SOURCE DATA:
☆ ☆ ☆ ☆

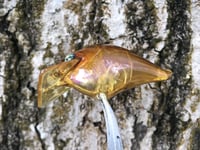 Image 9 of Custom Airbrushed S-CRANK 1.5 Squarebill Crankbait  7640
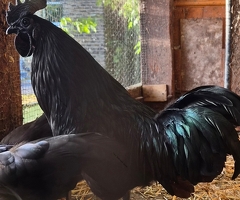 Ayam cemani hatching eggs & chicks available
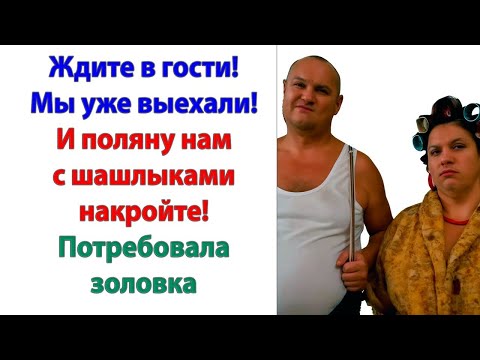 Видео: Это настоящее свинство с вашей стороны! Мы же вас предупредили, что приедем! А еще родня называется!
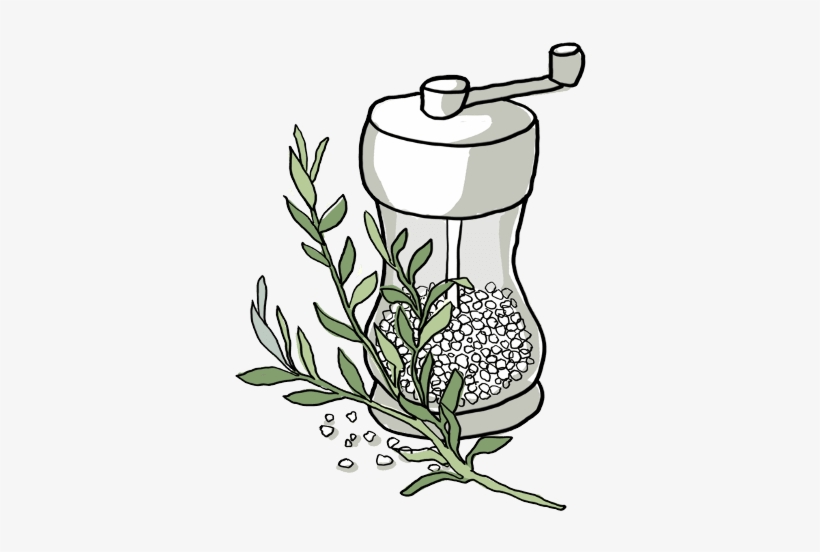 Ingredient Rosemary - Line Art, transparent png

☆ ☆ ☆ ☆

INSTRUCTIONS FOR THE TASK:
Please write out exactly the lines from the one holding "Видео: Это настоящее" through the last line of the material above, both included, as a copy without pictures.

PROBLEM SOLUTION:
 Видео: Это настоящее свинство с вашей стороны! Мы же вас предупредили, что приедем! А еще родня называется!
 Ingredient Rosemary - Line Art, transparent png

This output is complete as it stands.